Les joueurs français sont payés par les clubs
On comprend, à travers les deux précédents exemples, que les provinces irlandaises ou les franchises néo-zélandaises ont pour objectif de servir de réservoir à leur sélection nationale. Alors qu'en France, la réussite des Bleus n'est pas la priorité des clubs. Le constat est encore plus criant quand on se penche sur la rémunération des joueurs.
Dans de nombreux pays comme la Nouvelle-Zélande, l'Irlande ou l'Australie, la quasi-totalité des rugbymen professionnels de haut niveau sont sous contrat avec leur fédération, et non avec leur franchise ou leur province. Le pays de Galles et l'Afrique du Sud ont, à leur tour, contractualisé de plus en plus de joueurs ces dernières années.
En Nouvelle-Zélande, tous les joueurs professionnels du Super 15 sont sous contrat avec la fédération. Ils sont simplement prêtés aux franchises pendant six mois pour disputer ce super championnat de l'hémisphère Sud. Du coup, lorsqu'il faut regrouper les All Blacks pour un stage préparatoire précédent le Four Nations (compétitions entre la Nouvelle-Zélande, l'Australie, l'Afrique du Sud et l'Argentine), ou des matchs amicaux face à des équipes européennes, la fédération n'a pas à demander l'aval des clubs. Par contrat, les joueurs sont All Blacks avant tout et sont à disposition du sélectionneur. En Irlande, un système équivalent permet aux joueurs d'être mis à la disposition du XV du Trèfle plusieurs semaines avant le Tournoi des six nations.

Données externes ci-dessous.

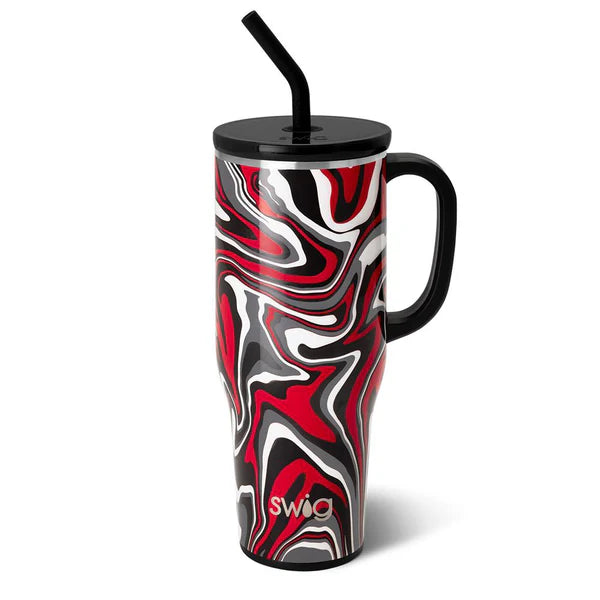 Black & Red Fanzone Swig-290 Home/Gift- Simply Simpson's Boutique is a Women's Online Fashion Boutique Located in Jupiter, Florida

En France, en revanche, on a du mal à demander aux joueurs de multiplier les stages préparatoires, car ils sont payés par les clubs. Ces derniers ont évidemment l'obligation de libérer leurs meilleurs éléments, mais la fédération doit verser une contrepartie à la Ligue qui la reverse ensuite aux clubs concernés.
Cette question a déjà créé de nombreux remous, les clubs estimant être trop peu payés par la fédération : environ 500 euros par jour par joueur. A l'image du président du RC Toulon, Mourad Boudjellal, dans Le Monde, ils réclament depuis longtemps un alignement sur la pratique anglaise, qui prévoit un dédommagement de 200 000 euros par joueur par an. Une logique difficile à envisager pour une FFR aux ressources limitées par le fait qu'elle n'est pas l'organisatrice du Top 14. Philippe Saint-André avait réussi à obtenir quelques concessions, mais les clubs rechignent toujours à voir leurs joueurs s'absenter pendant de longues semaines.

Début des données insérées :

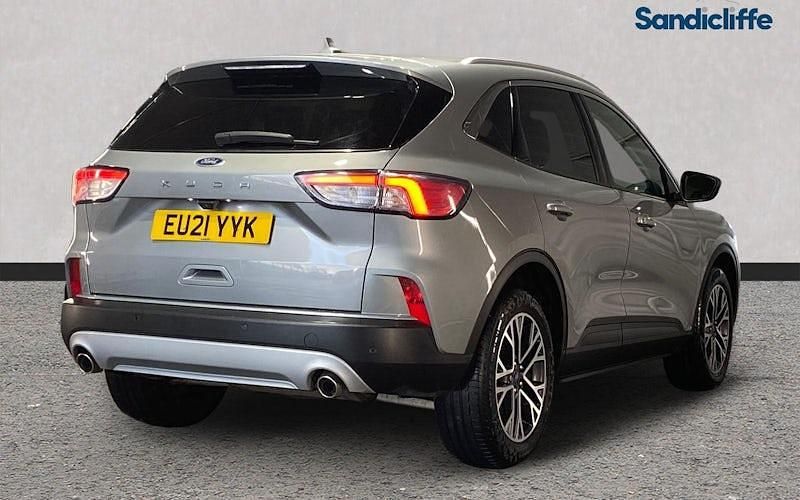 Used Ford Kuga Titanium 120 HP (88 kW) 2021 Silver SUV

Face au tremblement de terre provoqué par la défaite face aux All Blacks, Pierre Camou, le président de la FFR, a indiqué, lundi, qu'il envisageait un changement de stratégie en contractualisant des joueurs. Le hic : de nombreux rugbymen français touchent dans leur club des salaires mirobolants, bien supérieurs aux montants prévus par les contrats des fédérations étrangères. Le président français n'a d'ailleurs rien dit sur le financement de ces futurs contrats fédéraux.
Ces contrats ne changeraient pas pour autant les Bleus en or. L'Australie a récemment assoupli son système lié à ses contrats. Les Wallabies ne sont plus obligatoirement composés de joueurs contractualisés, l'objectif étant de ne pas se priver de grands joueurs partis signer de gros contrats à l'étranger, comme les Toulonnais Matt Giteau et Drew Mitchell. Formation, championnat, moyens financiers, structures, seuls des changements en profondeur à tous les étages du rugby français lui permettront de retrouver les sommets.